Collected data entries
>>>>

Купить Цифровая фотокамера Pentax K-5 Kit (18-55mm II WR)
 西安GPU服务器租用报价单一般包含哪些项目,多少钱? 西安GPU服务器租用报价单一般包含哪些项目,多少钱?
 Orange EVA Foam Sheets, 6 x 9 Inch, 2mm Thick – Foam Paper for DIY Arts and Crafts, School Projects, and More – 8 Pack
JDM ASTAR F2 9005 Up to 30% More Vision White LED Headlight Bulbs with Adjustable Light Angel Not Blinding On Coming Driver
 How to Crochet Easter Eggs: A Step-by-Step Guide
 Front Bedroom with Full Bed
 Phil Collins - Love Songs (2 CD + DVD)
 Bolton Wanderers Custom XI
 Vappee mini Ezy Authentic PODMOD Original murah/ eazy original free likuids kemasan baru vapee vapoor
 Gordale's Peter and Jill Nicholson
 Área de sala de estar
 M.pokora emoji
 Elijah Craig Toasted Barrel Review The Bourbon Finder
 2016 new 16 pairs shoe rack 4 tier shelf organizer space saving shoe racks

<<<<

== Task details ==
Write out exactly the lines that fall from the line with "Vappee mini Ezy" to the line with "Elijah Craig Toasted" in the records above, keeping both ends.

== Problem solution ==
 Vappee mini Ezy Authentic PODMOD Original murah/ eazy original free likuids kemasan baru vapee vapoor
 Gordale's Peter and Jill Nicholson
 Área de sala de estar
 M.pokora emoji
 Elijah Craig Toasted Barrel Review The Bourbon Finder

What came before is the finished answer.